El verano se agota con sus uvas doradas, con el último sol en las horas tendidas. Hay quien tiene melancolía del otoño ya en mitad de agosto, porque el estío se alarga como una exaltación sobre el vacío. Para ser joven hay que perder el tiempo: o poder perderlo, en todo caso. Lo hemos leído muchas veces. Ese dulce placer de no hacer nada. Esa proyección sobre el silencio, cuando hasta los minutos parecen elásticos, con su propia textura de hondura y lentitud. Una de las ventajas de ser joven es que uno cree que el tiempo no solo le pertenece, sino que le pertenecerá. Recuerdo una entrevista a Julio Iglesias en la que se proclamaba afortunado no por lo que tenía, sino por lo que no tiene: tiempo. Pero se declaraba afortunado, también, no solo por no tenerlo, sino por saber que no lo tiene, porque eso mismo le hacía disfrutarlo más. Recuerdo la adolescencia y parte de mi juventud como una época en que los veranos parecían interminables, y eran ya ese bello verano que describió Pavese. Sin embargo, no es su mejor novela sobre la laxitud de los días -y sobre todo las noches- de la juventud italiana tras la segunda guerra mundial: después vendría El diablo sobre las colinas, que en el manejo de los diálogos de una juventud desengañada de todo demasiado pronto, recuerda a Nuevas amistades, la nunca verdaderamente valorada gran novela de Juan García Hortelano, no en vano gran lector del italiano. En todas estas novelas, como en Últimas tardes con Teresa de Juan Marsé, además de otras cosas, hay un punto en común: esa eternidad de los veranos a la espera del nuevo curso o del instante en que nos volveremos a mirar en el espejo puro de la edad.

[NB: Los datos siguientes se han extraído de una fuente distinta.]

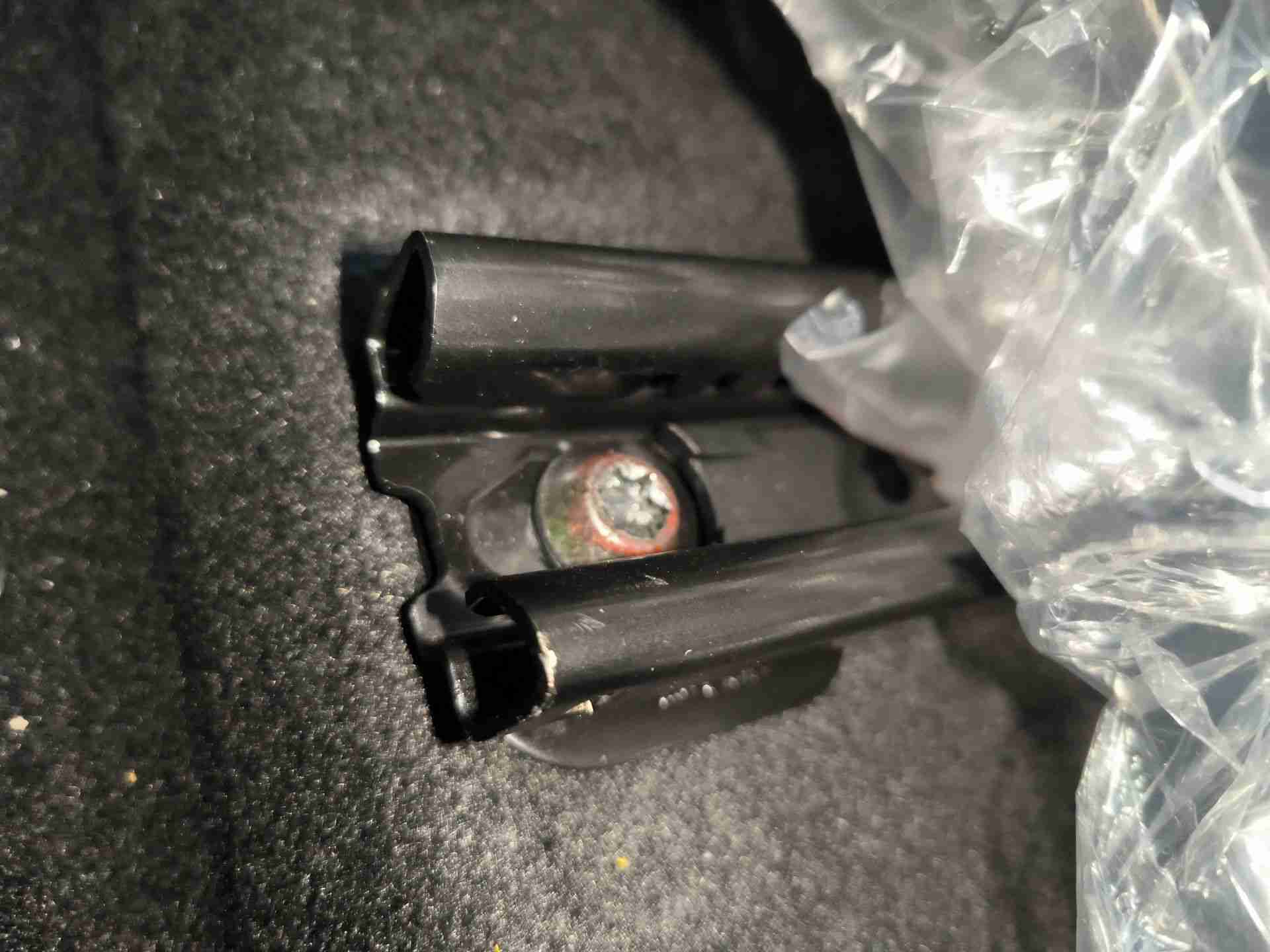 左前座椅滑轨拆卸痕迹实拍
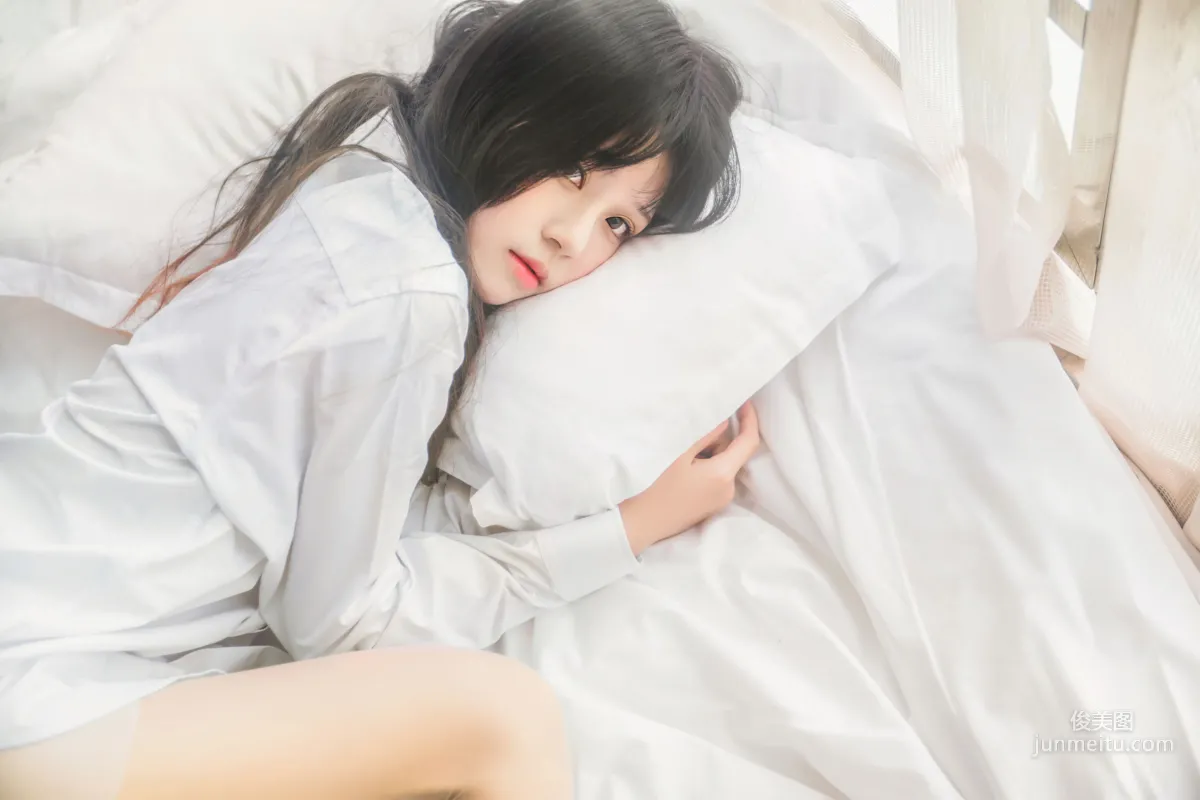 桜桃喵《桜桃未熟 - 白襯衫散發》 [蘿莉COS] 寫真集 12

En un interesante artículo en The Economist se explica cómo las vacaciones de verano acaban siendo muy largas, o demasiado largas para algunos. El texto analiza, con multitud de estadísticas, cómo cuando llega la pausa del verano se abre una bifurcación entre los niños, los adolescentes y los jóvenes. Cuando eres niño, adolescente o joven, dependes económicamente de tus padres. Y cuando llega el verano las posibilidades se pueden dividir entre los progenitores que tienen una capacidad económica alta y los que no. De esta manera, cuando comienza la brecha del verano, si tus padres tienen suficiente dinero y ganas de invertirlo bien, te pueden enviar un mes o dos a Irlanda, o a cualquier otro país cuyo idioma estés estudiando, o a aprender a montar a caballo en un campamento ecuestre, o te pueden llevar de viaje a París y a Londres, para ver el Louvre o la Tate Modern. Mientras tanto, los chavales cuyos padres o tutores no dispongan de estos recursos económicos acaban condenados a la piscina municipal, donde sin duda pueden suceder cosas hermosas y ritos de iniciación inolvidables -algo de eso hay en todas las novelas citadas más arriba-; pero también se agrandan las diferencias de formación con los muchachos que sí disponen de esa posibilidad. Y cuanto más largo es el período vacacional, se razona en el artículo, esa brecha es cada vez mayor, que se aumenta además porque, a más vacaciones, más fácilmente se puede olvidar lo aprendido el curso previo.

Así, pensando sobre todo esto, he recordado mis largos veranos de lectura, ese paraíso democrático en que todos podemos tocar el cielo de nuestros propios límites: con la imaginación, al menos. Pertenezco a una generación que todavía podía pasarse los veranos saltando de libro a libro, de aventura a aventura, de descubrimiento a descubrimiento. Luego, cuando llegabas a clase en el curso siguiente, descubrías que los demás habían cambiado, unos más y otros menos; pero tú habías cambiado en la medida de los mundos que habías inaugurado en tu lectura, que ahora estaban dentro de tu voz, de tu gesto y tu espíritu. El mundo no era el mismo antes que después de haber leído los libros de Tintín, de Julio Verne, de Salgari. El mundo no era el mismo después de Raymond Carver, de Paul Auster, y antes de Galdós y de Clarín. Claro que entonces no existía la tentación de estar amarrado a una pantalla con los dedos al borde de la artrosis.

En fin, ahora que estamos asistiendo al final del verano, cuando los meses se acumulan casi en horas que se derraman entre los dedos como el último hielo de la copa, he recordado cuando parecían una extensión casi inabarcable de horas de lectura, de tardes jugando a baloncesto, de tiempo, de horizonte. Incluso en vacaciones, la educación es arma de presente y futuro, y el tiempo, la materia con que fabricamos los sueños.